> [Aim of the task] Please output the listing below character for character and omit the images.

> [Input data]
***
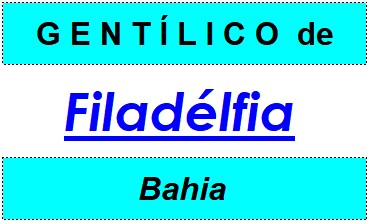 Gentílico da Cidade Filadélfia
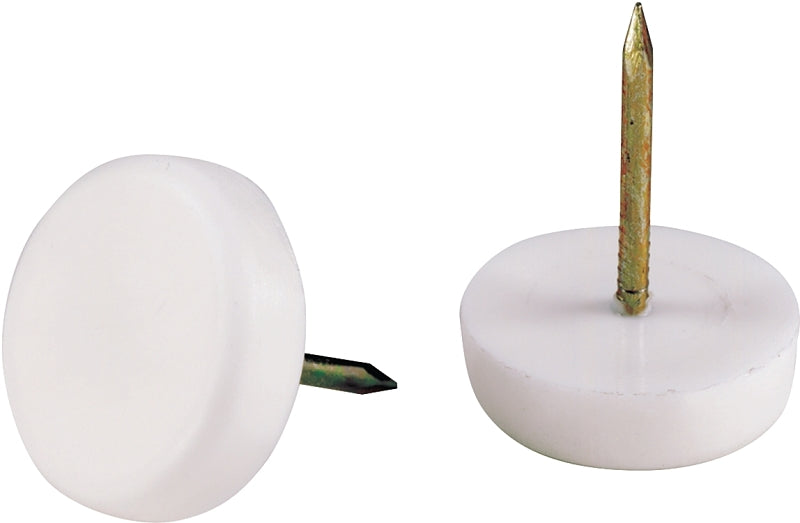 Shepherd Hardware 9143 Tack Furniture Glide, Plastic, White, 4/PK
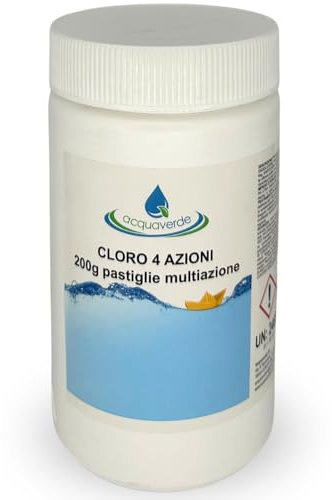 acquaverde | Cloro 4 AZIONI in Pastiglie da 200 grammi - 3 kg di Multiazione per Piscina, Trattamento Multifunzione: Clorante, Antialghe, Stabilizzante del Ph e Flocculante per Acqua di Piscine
***
> [Written solution]
 Gentílico da Cidade Filadélfia
 Shepherd Hardware 9143 Tack Furniture Glide, Plastic, White, 4/PK
 acquaverde | Cloro 4 AZIONI in Pastiglie da 200 grammi - 3 kg di Multiazione per Piscina, Trattamento Multifunzione: Clorante, Antialghe, Stabilizzante del Ph e Flocculante per Acqua di Piscine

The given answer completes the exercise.